Watched the documentary "Outfoxed: Rupert Murdoch's War on Journalism" last night, an interesting deconstruction of FOX News and its claims to be "Fair and Balanced" and "America's Network." Available through their web site and being shown and distributed in various places, it's an unapologetic attack on a very deserving Fox empire. I can't watch Fox for more than five minutes these days (and the same goes for most cable news channels), with all the shouting, shameless flag-waving, pundit speculation and general circus that takes the place of actual thoughtful news dissemination. This doc shows how Fox's works are ordered from the top man Rupert Murdoch right on down. Perhaps you didn't know Fox News' Chairman Roger Ailes helped run George H. W. Bush's campaign in 1988, or the company directive memos shown here ordering Bush to be shown in a good light and Kerry and the Democrats poorly whenever possible. "Unfoxed" shows us how snazzy graphics, selective interviewing and slogans that are untrue but repeated so often they become true to unsuspecting viewers all add up to make Fox a propaganda machine the Soviet Union would've been proud of. You've got to love the excerpts shown in "Unfoxed" of conservative shouter supreme Bill O'Reilly ripping the head off of the son of a 9/11 victim who dares to disagree with him, and brings up the U.S. complicity in arming many of the terrorists we're now fighting. "Shut up! Shut up!" O'Reilly tells the lad, in a shining moment for the Journalism Hall of Infamy.

As a journalist myself, the popularity of Fox News and the poor quality of most other TV journalism dismays me to no end, but I don't really have any solutions to it all. What's particularly sad is all the "Fox-heads" out there who bitch about the so-called "liberal media" telling them what to think, and not realizing they've been brainwashed themselves by Fox's machine.

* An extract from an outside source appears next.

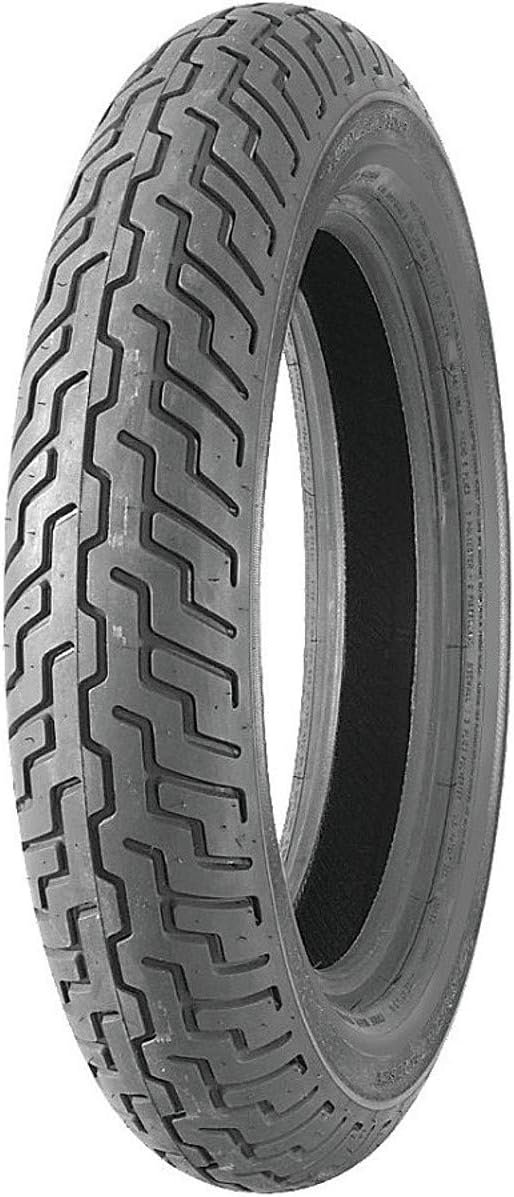 Dunlop Harley Davidson D402 Front Tire (Single / MH90-21)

Take for instance this comment one of our reporters here at the paper overheard at a local restaurant recently: “That’s the thing about Rush Limbaugh, he gives us the news the way we want to hear it.” Ye gods. Journalism molded and catered to bend to your existing beliefs and biases isn't journalism at all — it's propaganda, whether it comes from the left or right. Journalism is about questioning, not cowtowing. "Unfoxed" isn't the best documentary in the world, with low-rent graphics and too many talking heads, but it's a nice companion to Michael Moore's work and others. It's about time more media critics stopped suckling whatever the White House teat feeds them and starts examining the muddy mess that passes for too much TV journalism. The problem is, most Fox worshippers not only wouldn't watch "Unfoxed," they'd be convinced it's another "lib'ral media conspiracy" to boot. Sad for all of us in the end.